# Have any expats learned Arabic?



## Taz Mulan (Dec 15, 2008)

I'm in sales and quite often senior managers are Arabic., I'm wondering if I should learn some of the lingo. 

Has anyone cracked it? Plus what about reading and writing?


----------



## bigdave (Oct 22, 2008)

well my daughter is in first grade and has arabic 5 days a week. she helps and tells us what people are saying. I would love to learn it and thinking about buying the rosseta stone learn arabic software.


----------



## irishxpat (Nov 17, 2008)

bigdave said:


> well my daughter is in first grade and has arabic 5 days a week. She helps and tells us what people are saying. I would love to learn it and thinking about buying the rosseta stone learn arabic software.


هل يتوهم أحد الجنسين


----------



## liquid8urn (Oct 7, 2008)

I was thinking the same, but to be honest, it looks like it would have been more useful to learn the Indian subcontinet languages rather than Arabic. I did give it a try, and if you aim for high managerial positions it is probably worth learning the language, basically speaking and reading


----------



## mayotom (Nov 8, 2008)

irishxpat said:


> هل يتوهم أحد الجنسين


what has *Do you imagine one of the sexes* got to do with this thread????


----------



## irishxpat (Nov 17, 2008)

mayotom said:


> what has *Do you imagine one of the sexes* got to do with this thread????

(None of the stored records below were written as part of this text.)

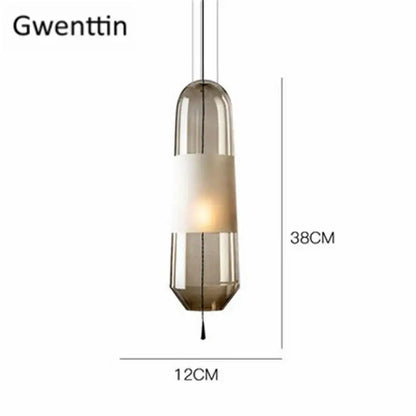 Modern clear & smoked glass pendant lights for dining room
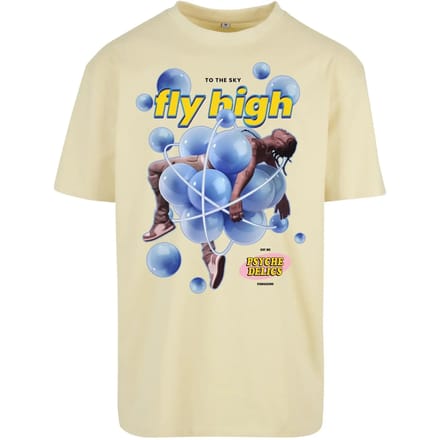 Mister Tee - Psychadellic Oversize Heren T-shirt - XL - Geel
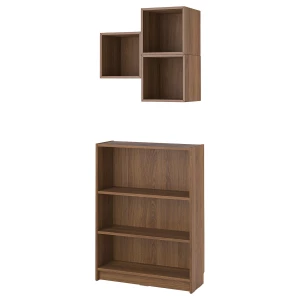 Комбинация: стеллаж и полка - IKEA BILLY/EKET, 80х28х106 см, 35х25х35 см, коричневый, БИЛЛИ/ЭКЕТ ИКЕА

google translater sucks lmao


----------



## mayotom (Nov 8, 2008)

irishxpat said:


> google translater sucks lmao


it was babblefish


----------



## irishxpat (Nov 17, 2008)

mayotom said:


> it was babblefish


and i thought you were fluent in arabic you forced my hand so is google right or babblefish


----------



## mayotom (Nov 8, 2008)

irishxpat said:


> and i thought you were fluent in arabic you forced my hand so is google right or babblefish



no idea, might as well be double dutch to me


----------



## marc (Mar 10, 2008)

shukran ya3la


----------



## beUself (Dec 24, 2008)

I have been taken up a Arabic course last month , N it helps since i learned the basic and the rest is all abt memerise n practice . it's cool .


----------



## bigdave (Oct 22, 2008)

beUself said:


> I have been taken up a Arabic course last month , N it helps since i learned the basic and the rest is all abt memerise n practice . it's cool .


I can teach you English if you want me too! N ok?


----------



## gforce23 (Aug 3, 2008)

I know "_inta himar_". Gets the local populace in a tizzy.


----------